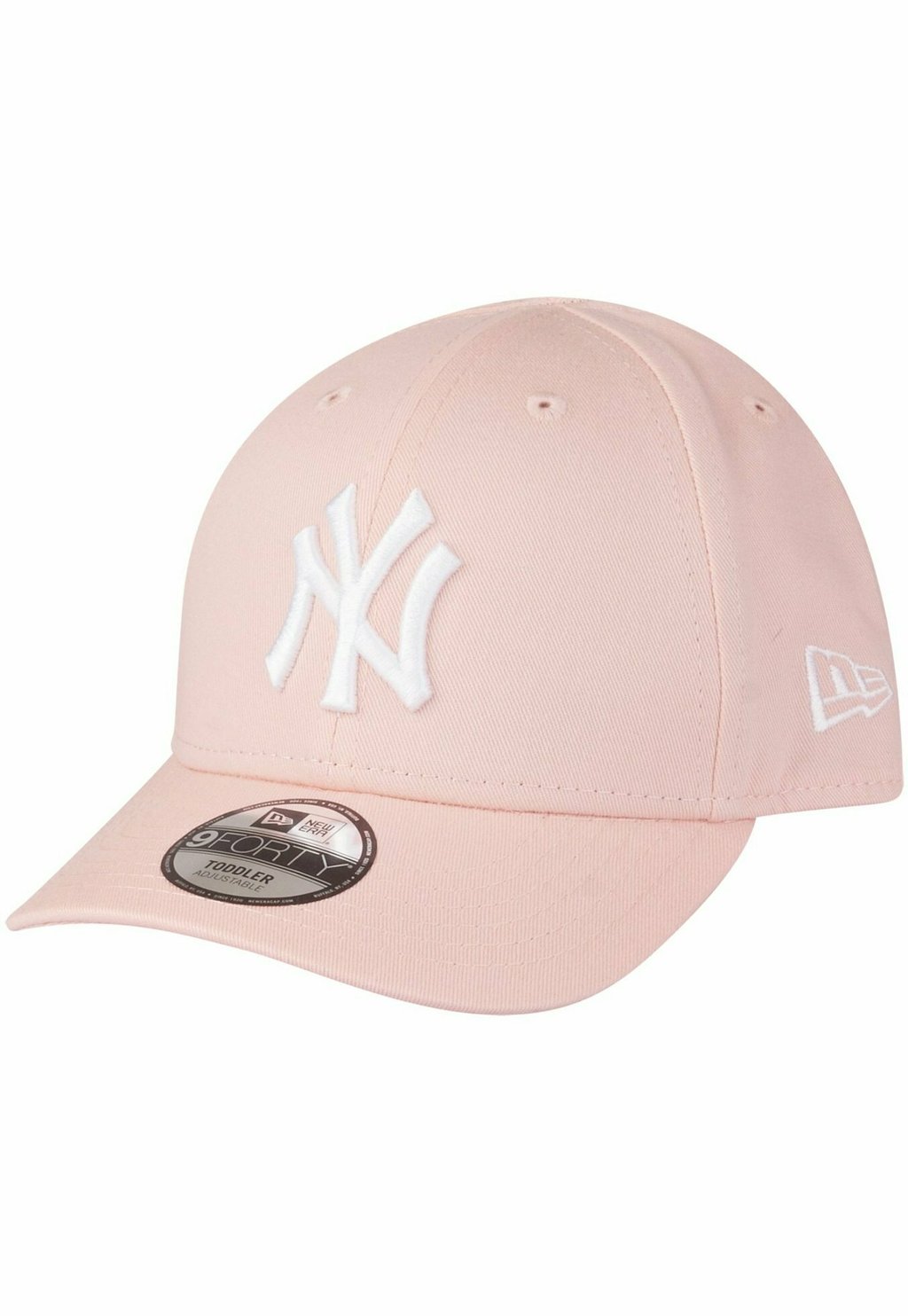 Бейсболка 9FORTY STRETCHED NY YANKEES New Era, цвет rosa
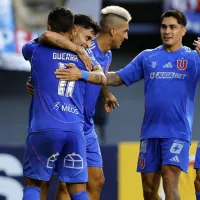 Fixture de U. de Chile en el Campeonato Nacional: programan las primeras cuatro fechas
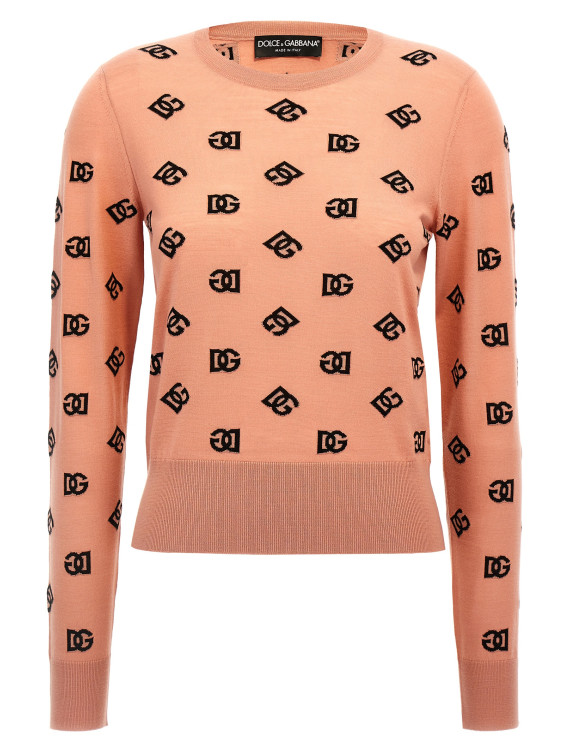 Logo sweater #1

Exercise description: Output the material above exactly as written and drop any images it holds.

Answer space:
 Бейсболка 9FORTY STRETCHED NY YANKEES New Era, цвет rosa
 Fixture de U. de Chile en el Campeonato Nacional: programan las primeras cuatro fechas
 Logo sweater #1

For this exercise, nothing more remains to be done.